La cultura estadounidense, la sociedad, tiene un sueño colectivo, un sujeto que se levanta como símbolo colectivo. Lo llaman self made man, y el término se explica por sí mismo.
Apartando las exageraciones propias de las circunstancias que han querido comparar a Steve Jobs con, por ejemplo, Einstein, hace ya algún tiempo la sensiblería general ha iconizado a Jobs.
Adopción, garaje, páncreas.
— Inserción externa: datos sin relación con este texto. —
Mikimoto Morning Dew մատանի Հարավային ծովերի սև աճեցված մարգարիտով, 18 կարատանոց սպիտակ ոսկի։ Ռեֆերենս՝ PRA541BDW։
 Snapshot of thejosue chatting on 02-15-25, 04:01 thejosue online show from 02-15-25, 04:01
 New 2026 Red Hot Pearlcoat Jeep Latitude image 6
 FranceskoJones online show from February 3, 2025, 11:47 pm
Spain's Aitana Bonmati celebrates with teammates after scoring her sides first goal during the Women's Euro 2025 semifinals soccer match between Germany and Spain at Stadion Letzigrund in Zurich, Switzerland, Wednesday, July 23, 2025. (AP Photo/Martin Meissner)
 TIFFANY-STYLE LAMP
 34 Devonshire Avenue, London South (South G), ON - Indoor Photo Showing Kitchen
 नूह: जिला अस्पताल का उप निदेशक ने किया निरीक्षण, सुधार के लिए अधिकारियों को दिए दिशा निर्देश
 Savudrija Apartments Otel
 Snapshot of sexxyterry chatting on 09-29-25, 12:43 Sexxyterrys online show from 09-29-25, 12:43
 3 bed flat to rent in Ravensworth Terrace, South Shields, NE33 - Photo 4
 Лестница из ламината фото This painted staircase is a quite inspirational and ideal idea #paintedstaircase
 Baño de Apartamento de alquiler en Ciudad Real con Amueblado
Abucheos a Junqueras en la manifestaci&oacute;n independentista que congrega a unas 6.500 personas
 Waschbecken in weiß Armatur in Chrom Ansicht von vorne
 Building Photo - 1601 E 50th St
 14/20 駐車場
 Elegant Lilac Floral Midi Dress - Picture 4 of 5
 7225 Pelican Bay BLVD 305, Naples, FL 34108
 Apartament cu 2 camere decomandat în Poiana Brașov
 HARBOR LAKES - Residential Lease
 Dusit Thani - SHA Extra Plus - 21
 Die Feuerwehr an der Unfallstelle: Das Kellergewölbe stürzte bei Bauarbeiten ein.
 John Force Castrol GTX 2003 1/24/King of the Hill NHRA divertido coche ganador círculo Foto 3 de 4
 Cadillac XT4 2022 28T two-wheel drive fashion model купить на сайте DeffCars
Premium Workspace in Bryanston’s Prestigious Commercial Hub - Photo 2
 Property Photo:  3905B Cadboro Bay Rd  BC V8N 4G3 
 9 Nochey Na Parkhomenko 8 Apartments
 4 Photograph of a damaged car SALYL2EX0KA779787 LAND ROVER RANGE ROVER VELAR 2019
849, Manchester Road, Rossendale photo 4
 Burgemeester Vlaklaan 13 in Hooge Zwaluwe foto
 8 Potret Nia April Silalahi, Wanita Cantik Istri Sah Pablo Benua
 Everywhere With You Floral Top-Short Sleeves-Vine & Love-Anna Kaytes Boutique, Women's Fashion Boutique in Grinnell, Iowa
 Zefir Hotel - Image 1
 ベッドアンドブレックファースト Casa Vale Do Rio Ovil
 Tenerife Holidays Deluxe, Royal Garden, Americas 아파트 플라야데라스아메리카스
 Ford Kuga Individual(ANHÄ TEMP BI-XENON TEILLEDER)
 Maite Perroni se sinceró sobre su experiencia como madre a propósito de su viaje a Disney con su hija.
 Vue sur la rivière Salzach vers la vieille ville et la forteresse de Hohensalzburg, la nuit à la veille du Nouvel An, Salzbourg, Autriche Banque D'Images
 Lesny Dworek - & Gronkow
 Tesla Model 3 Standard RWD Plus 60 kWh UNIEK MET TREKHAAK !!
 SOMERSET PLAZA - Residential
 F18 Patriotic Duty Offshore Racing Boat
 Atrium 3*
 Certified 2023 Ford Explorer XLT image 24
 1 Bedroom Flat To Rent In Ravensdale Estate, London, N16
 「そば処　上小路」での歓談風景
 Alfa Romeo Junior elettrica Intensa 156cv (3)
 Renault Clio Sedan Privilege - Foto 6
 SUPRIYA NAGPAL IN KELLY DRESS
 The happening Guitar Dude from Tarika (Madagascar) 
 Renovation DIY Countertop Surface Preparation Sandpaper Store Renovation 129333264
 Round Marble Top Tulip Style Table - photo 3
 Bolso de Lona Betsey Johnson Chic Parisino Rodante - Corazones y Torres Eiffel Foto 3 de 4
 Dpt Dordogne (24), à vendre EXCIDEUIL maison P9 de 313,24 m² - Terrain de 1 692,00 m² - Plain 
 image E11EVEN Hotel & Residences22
Términos que inciden en esa terminología del martirologio, la admiración y la envidia.
Admiro a Steve Jobs, su desenfadado estética de rockero tardío, su sagacidad comercial (con regularidad se contrapone Apple a Microsoft; yo creo que la contraposión es más aguda entre Apple y Google, la empresa que lo cobra todo y la empresa que ofrece todo gratis, ambos, entiéndase, como reclamo), la capacidad de hacer aparatitos y que la gente se una a ellos tanto o más que a sus riñones.
De ahí a que la muerte de Jobs haya tenido un seguimiento tan masivo (todos los periódicos de circulación nacional en España, por ejemplo, llevan la noticia en portada, en algunos la noticia es toda la portada) contiene un matiz de exageración y de la conciencia snob de occidente.